--- Data under study Enclosed Below ---

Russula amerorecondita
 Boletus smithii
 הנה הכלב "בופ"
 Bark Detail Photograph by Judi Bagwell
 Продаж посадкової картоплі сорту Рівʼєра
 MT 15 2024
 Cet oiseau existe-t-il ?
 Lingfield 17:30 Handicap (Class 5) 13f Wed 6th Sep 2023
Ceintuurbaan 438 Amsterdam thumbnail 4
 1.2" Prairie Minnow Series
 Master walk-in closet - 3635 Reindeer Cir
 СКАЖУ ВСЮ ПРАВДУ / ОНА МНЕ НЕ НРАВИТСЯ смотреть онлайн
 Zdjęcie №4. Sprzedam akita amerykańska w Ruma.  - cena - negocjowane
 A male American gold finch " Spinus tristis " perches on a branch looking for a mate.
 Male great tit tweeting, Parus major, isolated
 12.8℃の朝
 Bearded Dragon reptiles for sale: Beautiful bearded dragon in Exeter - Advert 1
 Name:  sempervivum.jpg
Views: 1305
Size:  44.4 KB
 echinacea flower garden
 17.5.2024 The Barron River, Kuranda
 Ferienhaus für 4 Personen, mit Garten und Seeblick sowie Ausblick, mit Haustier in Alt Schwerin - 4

--- End of Enclosed Data under study ---

▸ Work instruction
Reproduce each entry word for word.

▸ Output for this task
Russula amerorecondita
 Boletus smithii
 הנה הכלב "בופ"
 Bark Detail Photograph by Judi Bagwell
 Продаж посадкової картоплі сорту Рівʼєра
 MT 15 2024
 Cet oiseau existe-t-il ?
 Lingfield 17:30 Handicap (Class 5) 13f Wed 6th Sep 2023
Ceintuurbaan 438 Amsterdam thumbnail 4
 1.2" Prairie Minnow Series
 Master walk-in closet - 3635 Reindeer Cir
 СКАЖУ ВСЮ ПРАВДУ / ОНА МНЕ НЕ НРАВИТСЯ смотреть онлайн
 Zdjęcie №4. Sprzedam akita amerykańska w Ruma.  - cena - negocjowane
 A male American gold finch " Spinus tristis " perches on a branch looking for a mate.
 Male great tit tweeting, Parus major, isolated
 12.8℃の朝
 Bearded Dragon reptiles for sale: Beautiful bearded dragon in Exeter - Advert 1
 Name:  sempervivum.jpg
Views: 1305
Size:  44.4 KB
 echinacea flower garden
 17.5.2024 The Barron River, Kuranda
 Ferienhaus für 4 Personen, mit Garten und Seeblick sowie Ausblick, mit Haustier in Alt Schwerin - 4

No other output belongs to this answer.